Assignment:
Your job is to print, exactly, the lines in the data below from the line with "Isola Women's Black" through the line with "Sticker group of", both included, and to omit any picture.

----- Available data -----

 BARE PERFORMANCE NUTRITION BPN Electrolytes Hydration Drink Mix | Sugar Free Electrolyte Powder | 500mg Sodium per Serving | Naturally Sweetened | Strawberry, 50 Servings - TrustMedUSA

-----
----- Available data -----

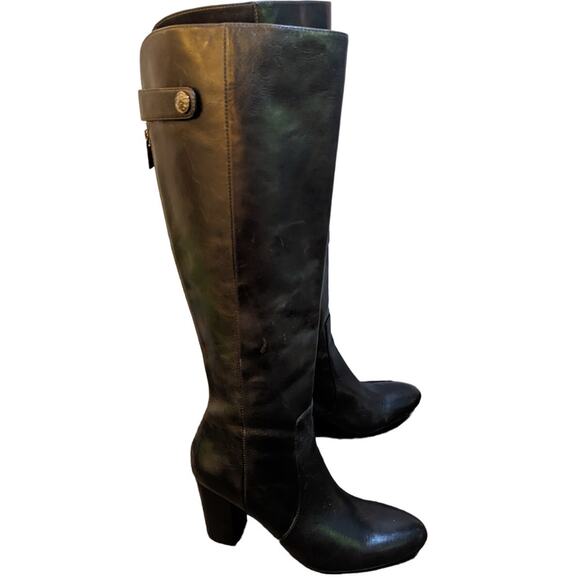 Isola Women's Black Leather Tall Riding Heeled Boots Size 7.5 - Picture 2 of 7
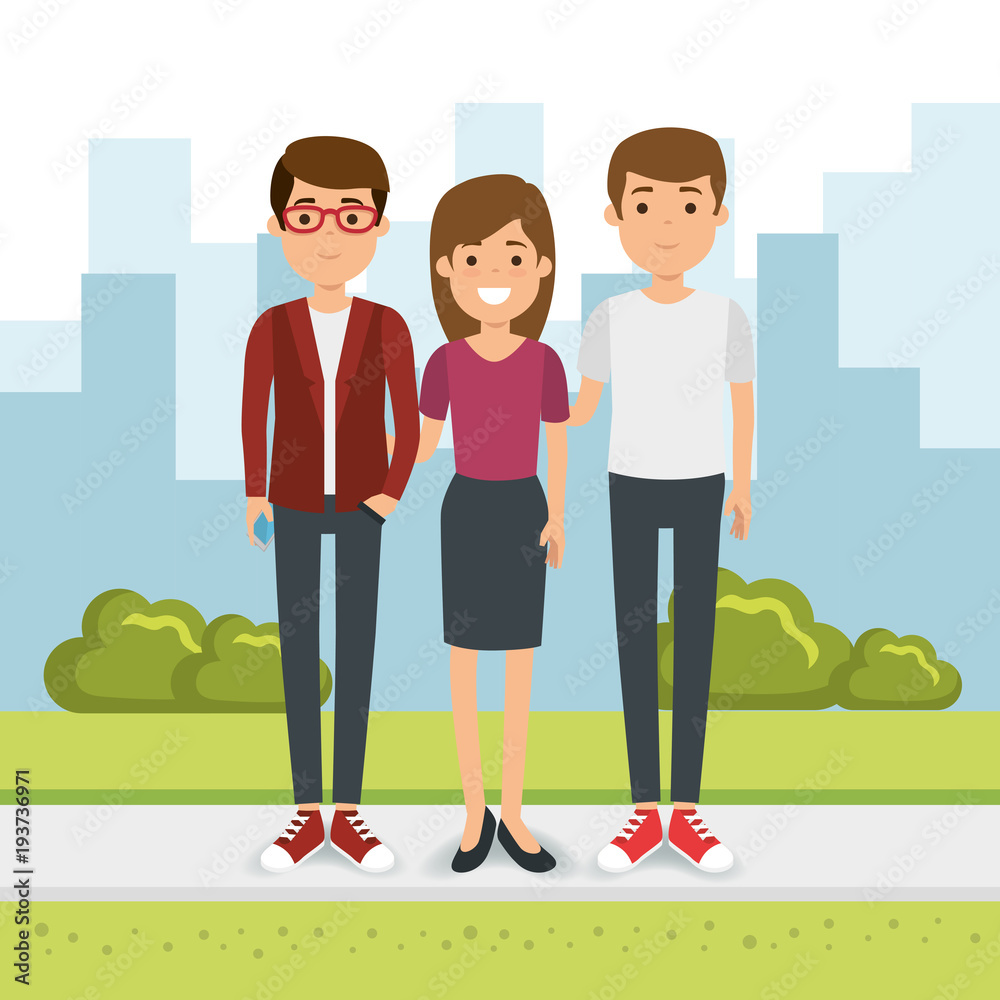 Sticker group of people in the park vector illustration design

-----

Task solution:
 Isola Women's Black Leather Tall Riding Heeled Boots Size 7.5 - Picture 2 of 7
 Sticker group of people in the park vector illustration design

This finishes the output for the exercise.